(WHAT TO PRODUCE): For this exercise, retype the lines from the one that holds "Mercedes RAPIDO 972M image" through the one that holds "Jarinko Chie - Chapter 9 - Trang 10" in the records below, both included, exactly and without pictures.

═══ SUPPLIED ENTRIES ═══

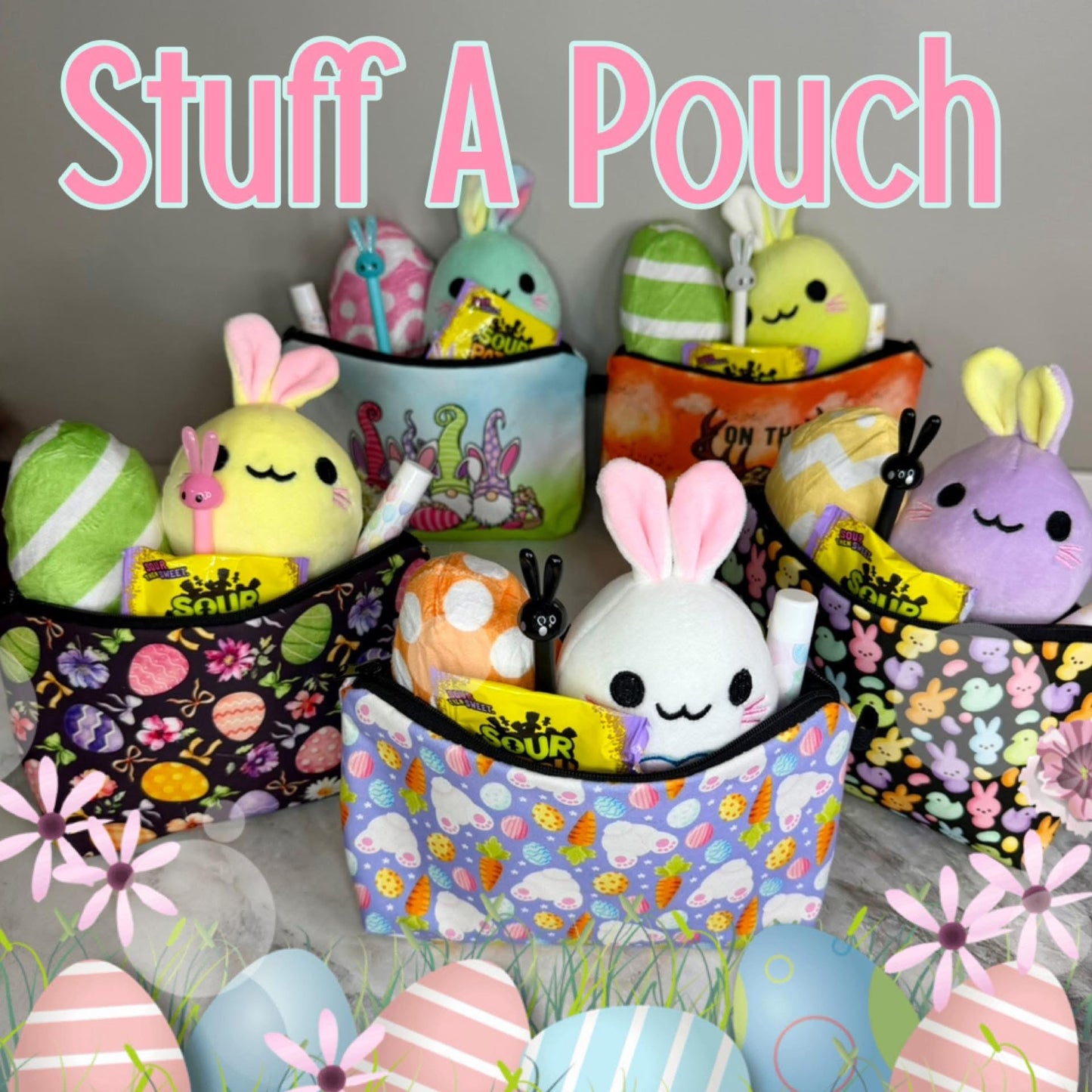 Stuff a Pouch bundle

═══
═══ SUPPLIED ENTRIES ═══

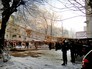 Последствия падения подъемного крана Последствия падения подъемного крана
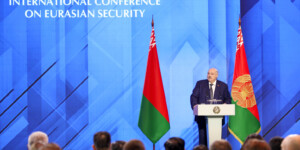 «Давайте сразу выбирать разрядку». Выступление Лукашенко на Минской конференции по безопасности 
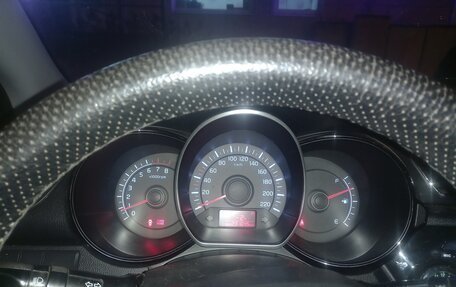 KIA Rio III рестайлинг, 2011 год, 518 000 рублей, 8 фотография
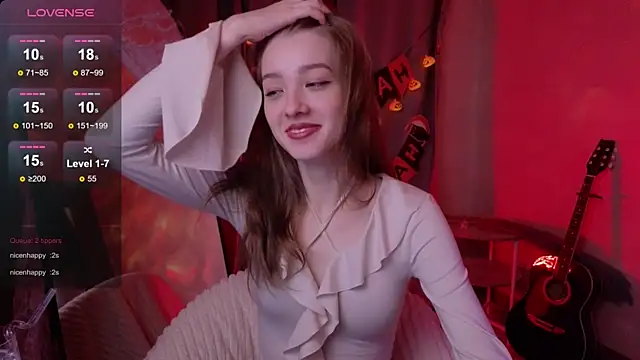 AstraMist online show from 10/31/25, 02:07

═══
═══ SUPPLIED ENTRIES ═══

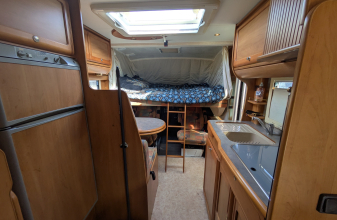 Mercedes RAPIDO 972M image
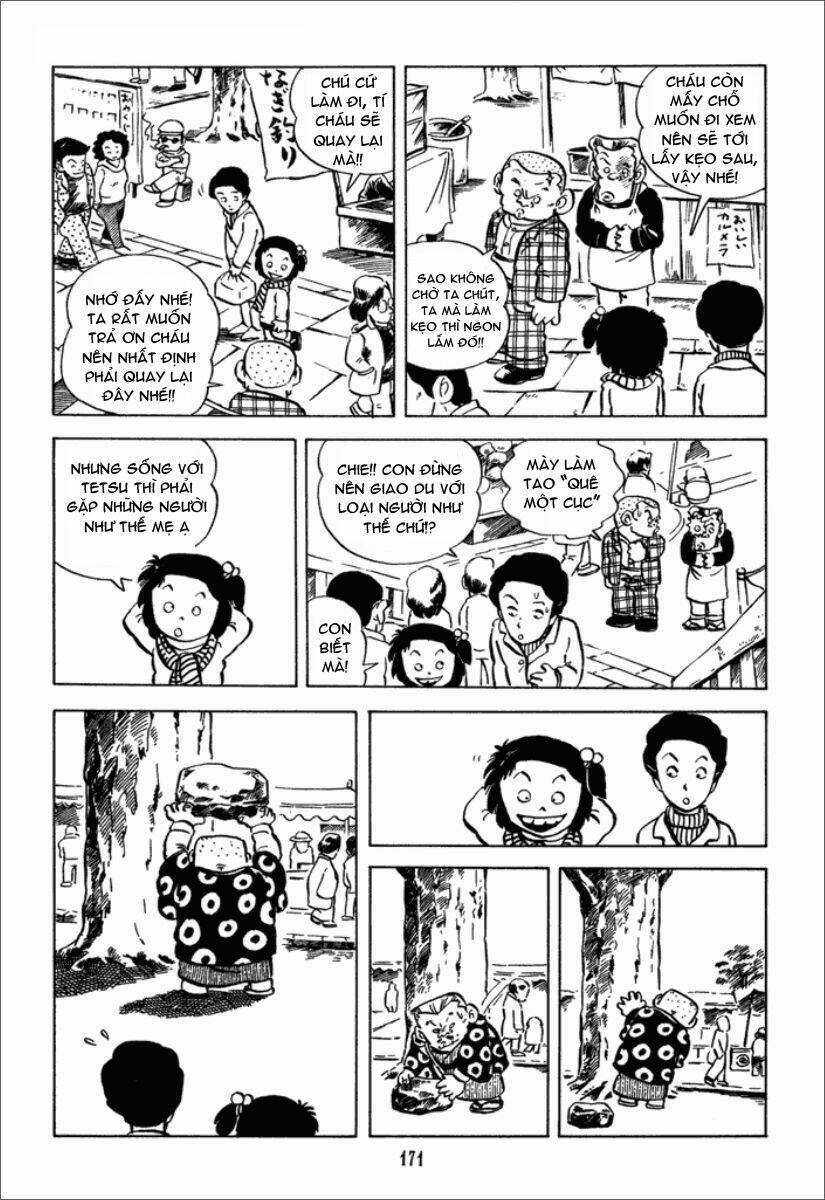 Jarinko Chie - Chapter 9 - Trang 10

═══

(YOUR SOLUTION):
 Mercedes RAPIDO 972M image
 Jarinko Chie - Chapter 9 - Trang 10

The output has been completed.